The future looks bleak for vendors in most parts of Zimbabwe.

Zimbabwe after years of an economic collapse is now faced with a serious problem of hordes of struggling vendors estimated at 5,7 million who have invaded every little space in cities and towns to sell their wares.

For many; Zimbabwe is now a vendor nation. Government, fearing social unrest, has not moved in to address the growing vending crisis.

Vendors also claim to have support from First Lady, Grace Mugabe, who says police must not remove them as they are supporting their families.

Harare has seen an explosion of unregulated commerce in recent years due to high unemployment with over 80 percent of the country’s 13 million people unemployed although official statistics put it at least 10 percent.

To discuss this issue, Studio 7’s Blessing Zulu turned to national vendors union Zimbabwe National director, Samuel Wadzai, and founding leader of the Confederation of Zimbabwe Industries (CZI) retailer, Gift Juawo.

Wadzai said vendors are trying to live an honest life.

But the big question the ailing nation is struggling with is what to do with the vendors? Members of parliament have demanded the immediate removal of illegal vendors who have flooded Harare's streets, saying they are a menace and threaten properly-registered retail shops.

The CZI retailer says vendors are depriving them of business yet they invested heavily into licence fees, taxes, employee and other costs in anticipation of a return on investment.

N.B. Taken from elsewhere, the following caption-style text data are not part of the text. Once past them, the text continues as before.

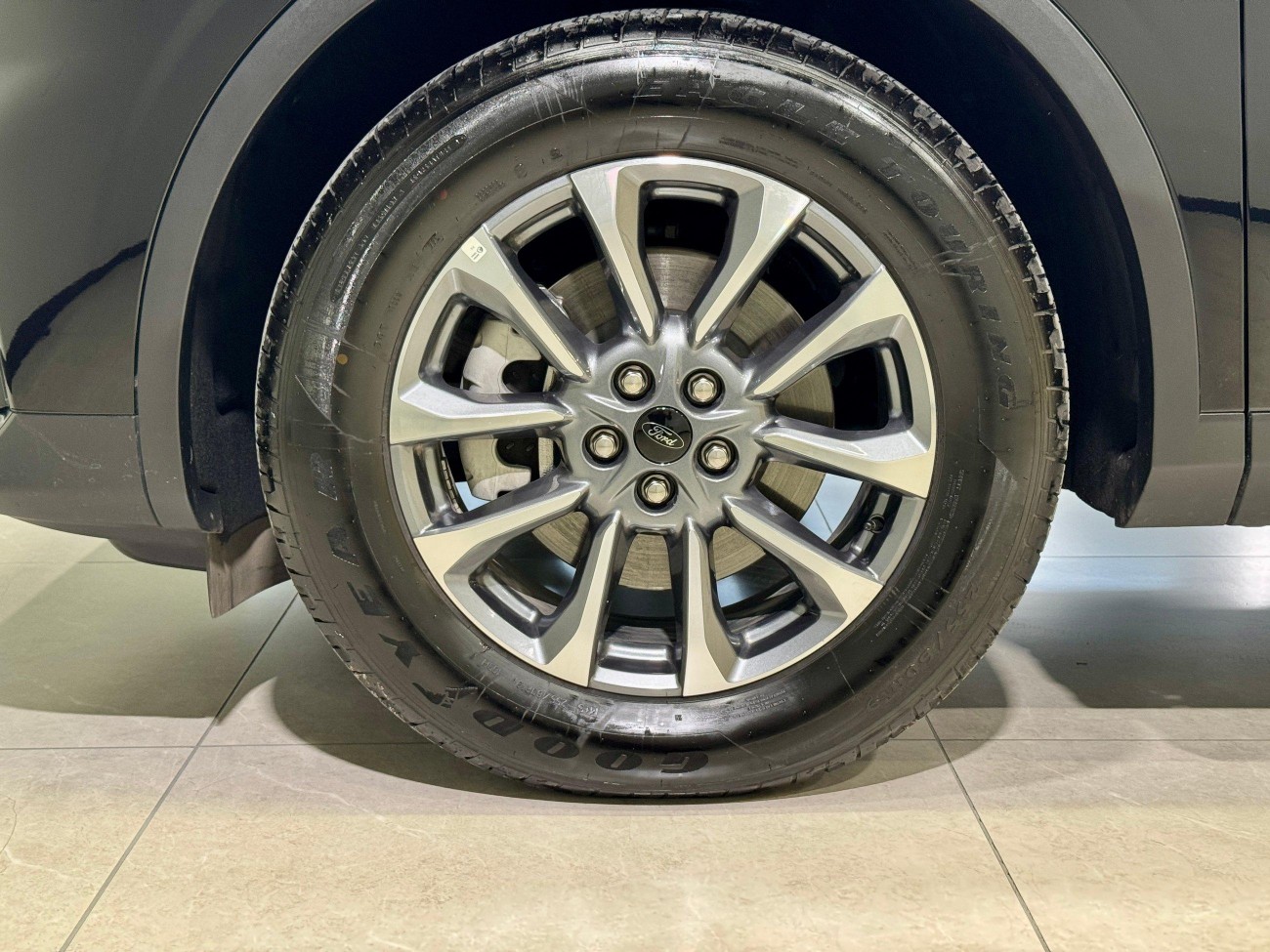 Ford Edge 2025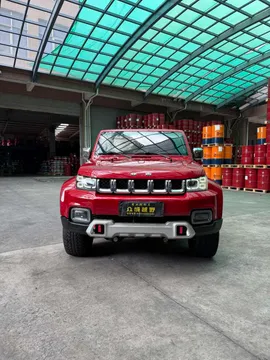 BAIC BJ40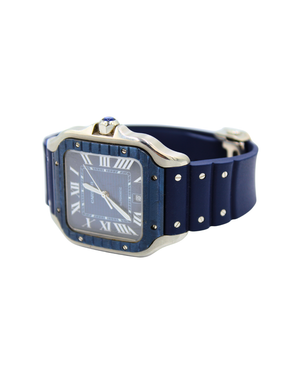 Cartier Santos de Cartier WSSA0048 - 39mm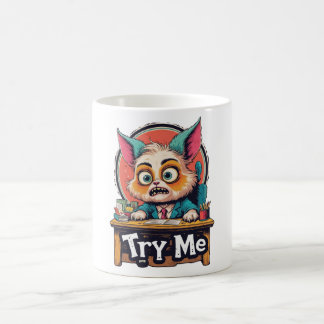 Taza De Café Probar camiseta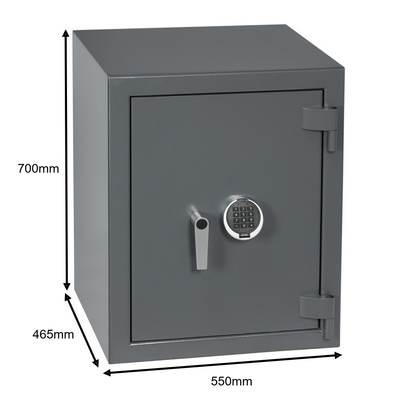 KeySecure Victor Grade 3 Size 3E Digital Safe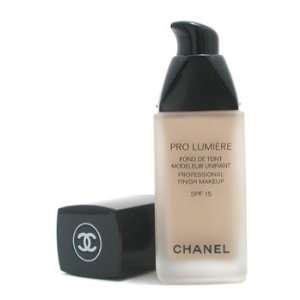 Chanel Face Care   1 oz Pro Lumiere Makeup SPF 15   No. 20 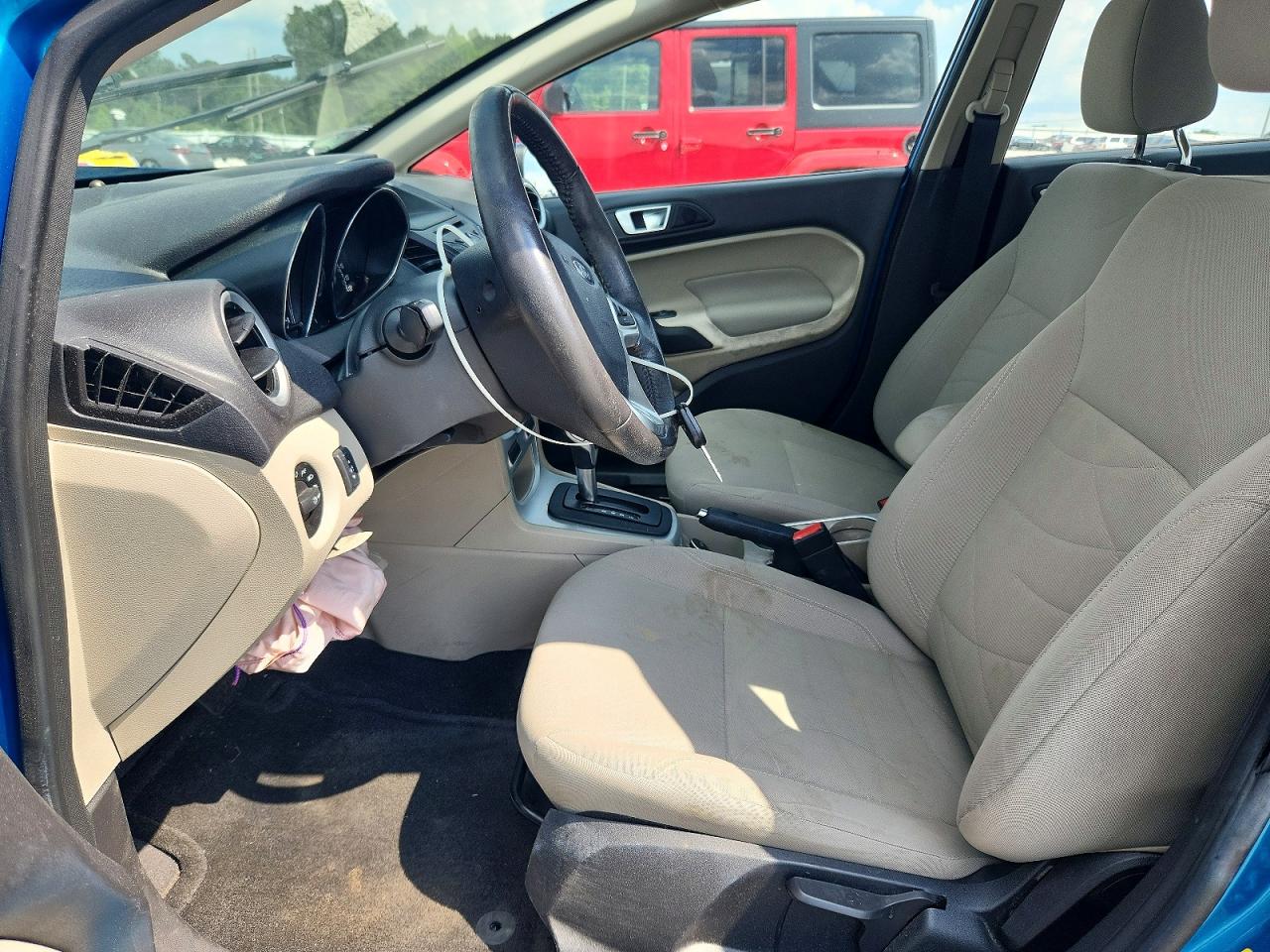 Ford Fiesta Se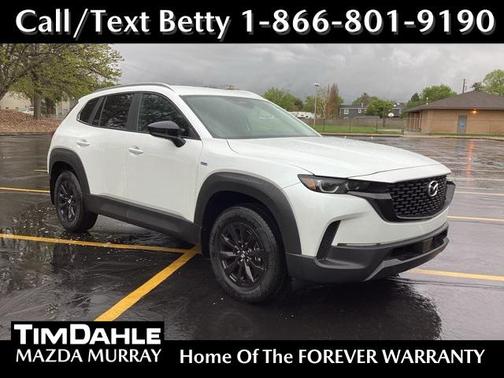 2025 Mazda CX-50 Hybrid Preferred Package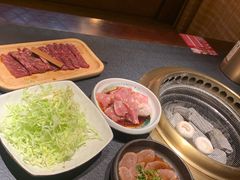 -炉石六本目·冰鲜和牛炭火烤肉·寿喜烧店(梅江店)
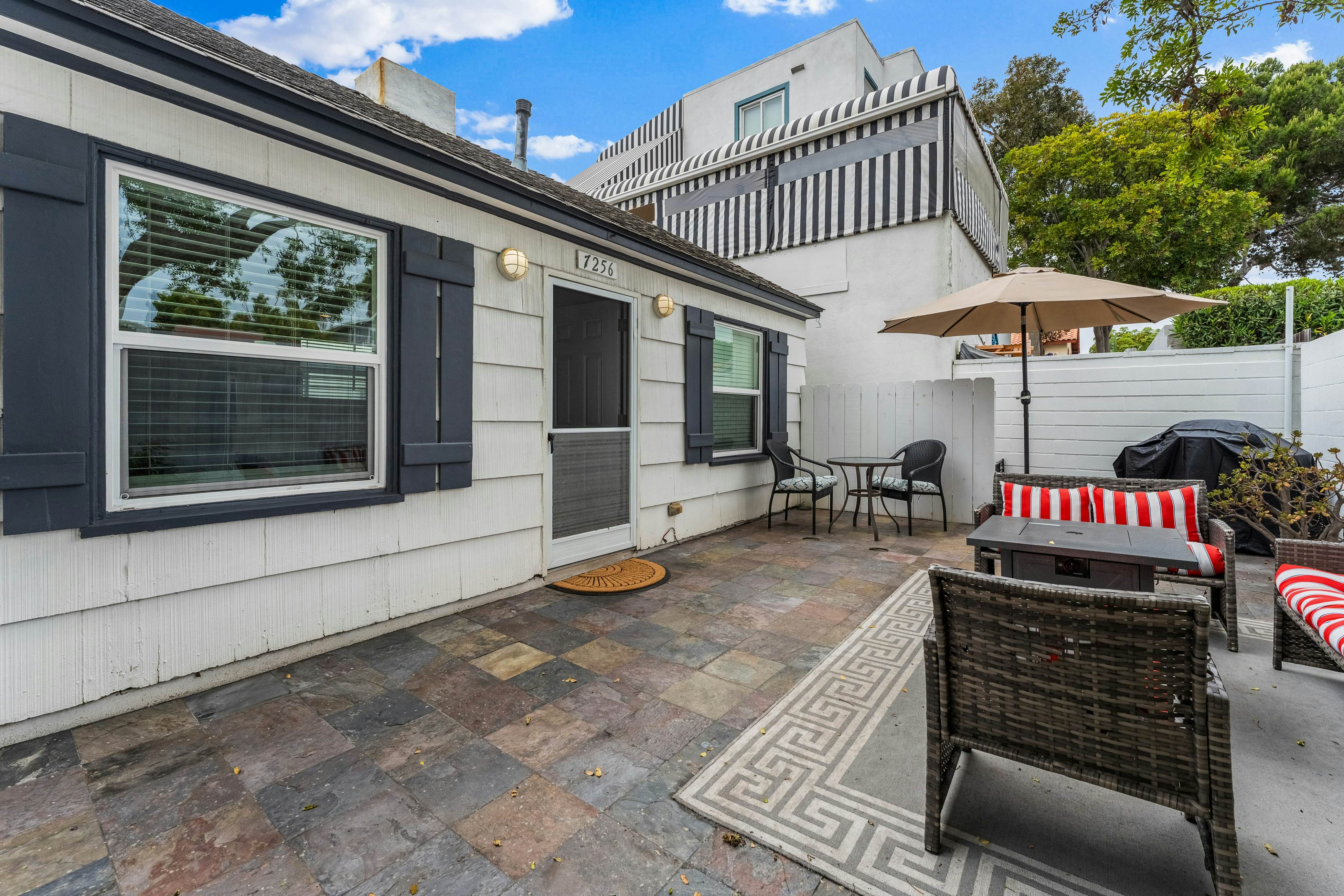 La Jolla Beach Retreat Casita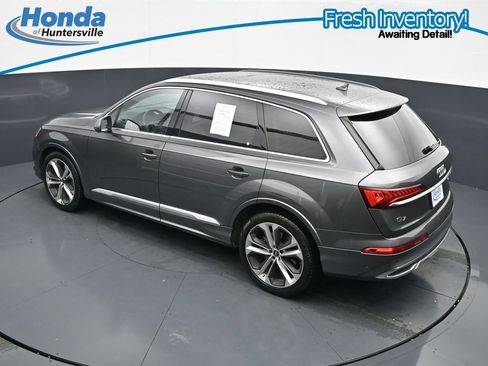 Used 2022 Audi Q7 3.0T Prestige AWD/4WD image 24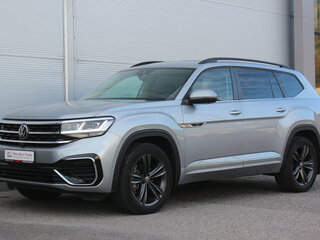 2021 Volkswagen Teramont I Рестайлинг, серый, 4050000 рублей, вид 5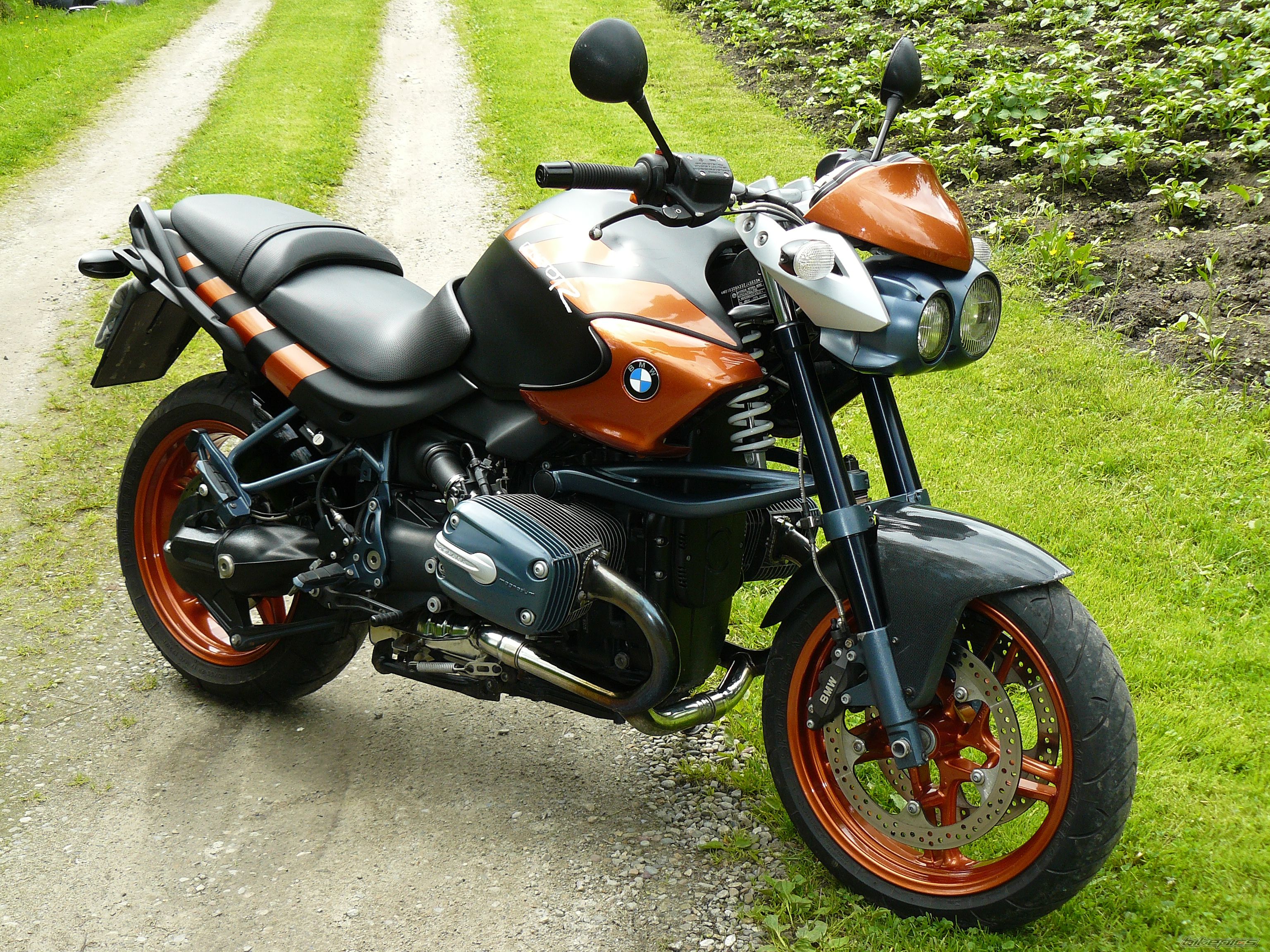 2004 BMW R 1150 R ROCKSTER EDITION 80 | Picture 2215589 motorcycle photo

Finance Minister Patrick Chinamasa has vowed to track down all informal traders to recover what he said were the state's dues realized through the activities of the often unregulated economic sector.

It is estimated that the informal sector is generating an annual turnover of 7,4 billion. But the Zimbabwe Informal Sector`s Organization (ZISO) is urging Chinamasa to reconsider his proposed tax regime for the informal traders, and embark on extensive stakeholder consultations to come up with an effective and pro-poor tax mechanism.

ZISO says the presumptive tax of $300 quarterly is way beyond the reach of the informal sector players who seldom make enough to cover their most basic needs.